Explaining Aggregates for Exploratory Analytics
Building explanatory regression functions to facililate large scale data exploration. Tool to guide data analysts when exploring unknown data sets.

Query-Driven Learning for Approximate Query Processing
Building Machine Learning models that learn to predict the answers of queries using previously executed queries. This approach offers order of magnitude speedups in executing aggregate queries by trading off some of the accuracy.

Detecting Interesting Regions in Data
Using Query-Driven learning models to automatically detect interesting regions in large data sets. This approach fuses Machine Learning and Evolutionary Optimization to discover regions that are potentially interesting to the user.

EDA Analysis for Chicago Crimes
An EDA analysis for Chicago Crimes focusing on the spatio-temporal dimensions of the dataset. In this kaggle kernel I constructed interesting visualisations to answer questions that I had when I first encountered the data set.

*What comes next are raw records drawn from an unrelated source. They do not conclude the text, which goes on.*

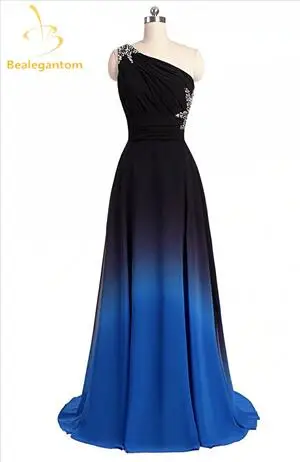 Bealegantom платье на одно плечо, черное, синее, Омбре, выпускное платье, с шифоном, большие размеры, вечерние платья, Vestido Longo QA1078 - Цвет: the Picture color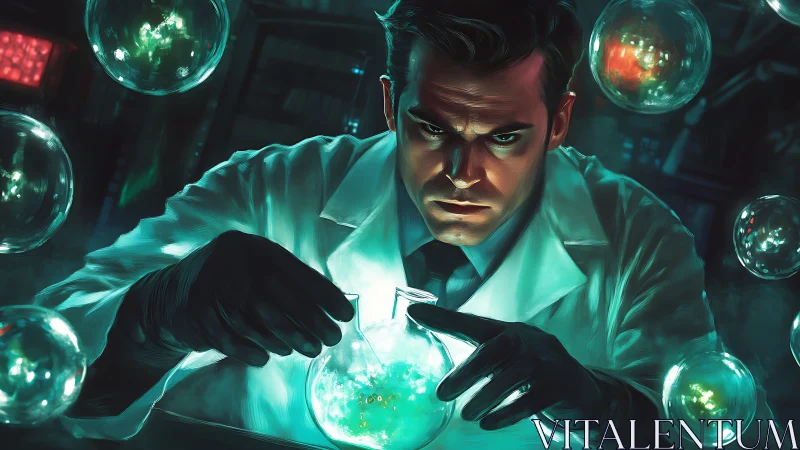 Focused laboratory scientist with glowing chemical flasks.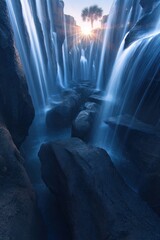 Canyon Waterfall, Dawn Light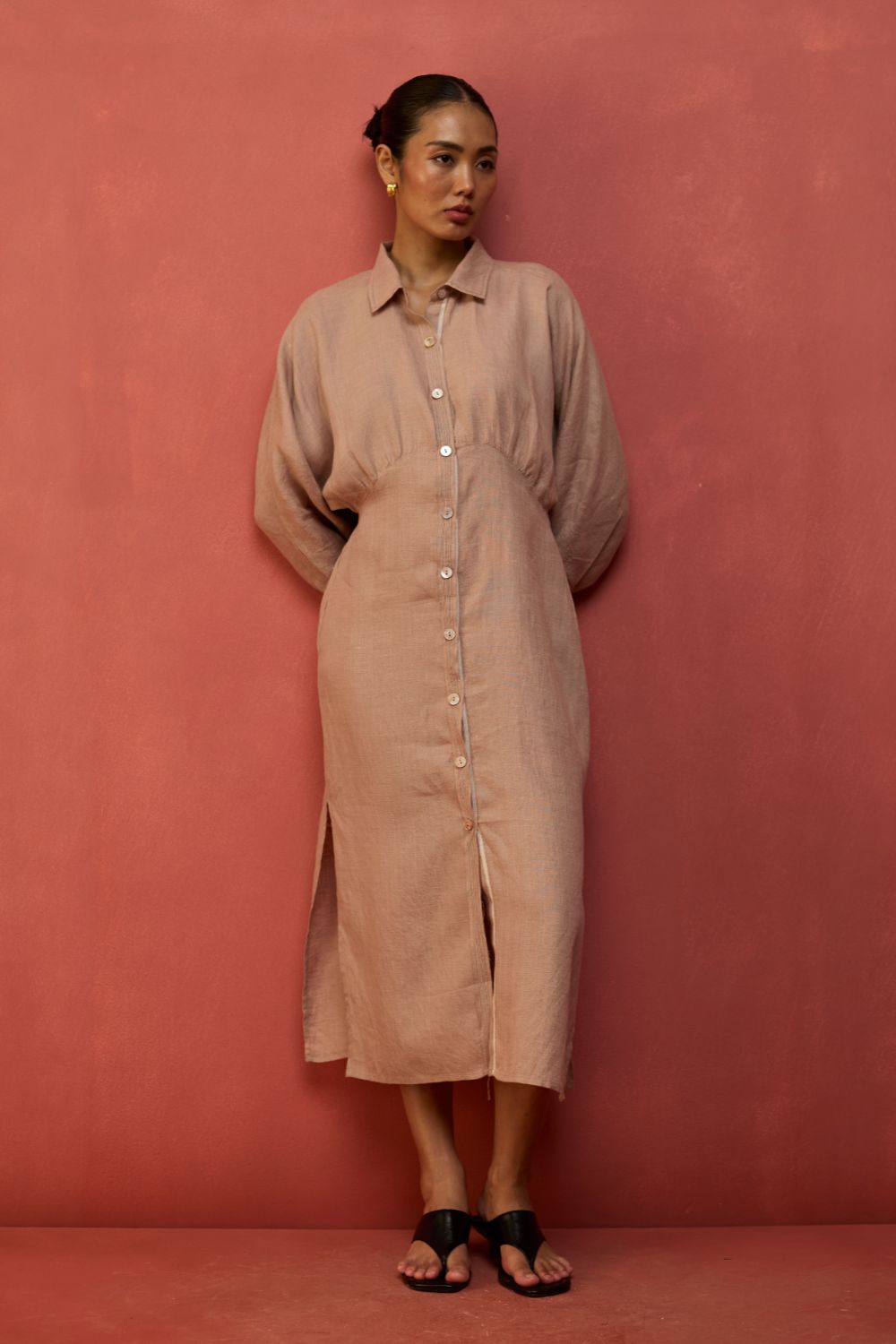 Masaru Buttoned Linen Dress - Dusty Rose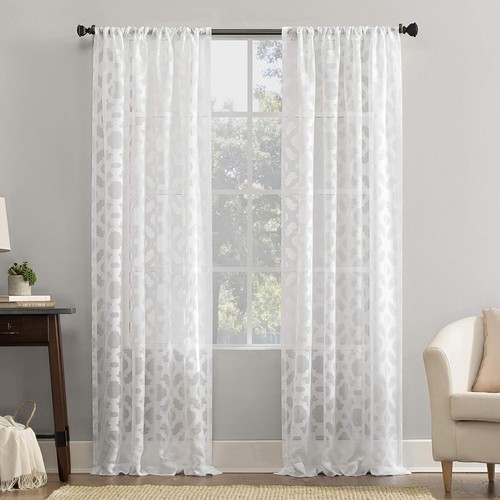 No. 918 Yvette Trellis Jacquard Sheer Rod Pocket Curtain Panel, 52" x 63", White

Research Paper Recommender
This project is aimed at helping researchers and people who read scientific papers find new papers that might be of interest to them. It uses arXiv and recent developments in word embeddings (using a popular library gensim) to automatically fetch new papers for a given category. If they are found to be similar then they are added to a specified folder.

Growing Networks
An implementation of the algorithm listed in the paper "A self-organising network that grows when required". This algorithm can be used for clustering tasks, vector quantization tasks and dimensionality reduction tasks

Cyprus Budget Explorer
This project aims to build a system that would allow for exploring the budget of the Republic of Cyprus. The data is available in a pdf format from here : http://bit.ly/2biYQ0y Because the data is not available in any other format, the pdf file was parsed and cleaned using Tabula and Google Refine.

MapReduce/HBase code examples
As part of the Big Data Course, implemented a number of algorithms performing top-k queries, exploratory analysis and more. The code examples, show how to use secondary sorting and how to efficiently leverage the clean-up phase of Mappers and Reducers.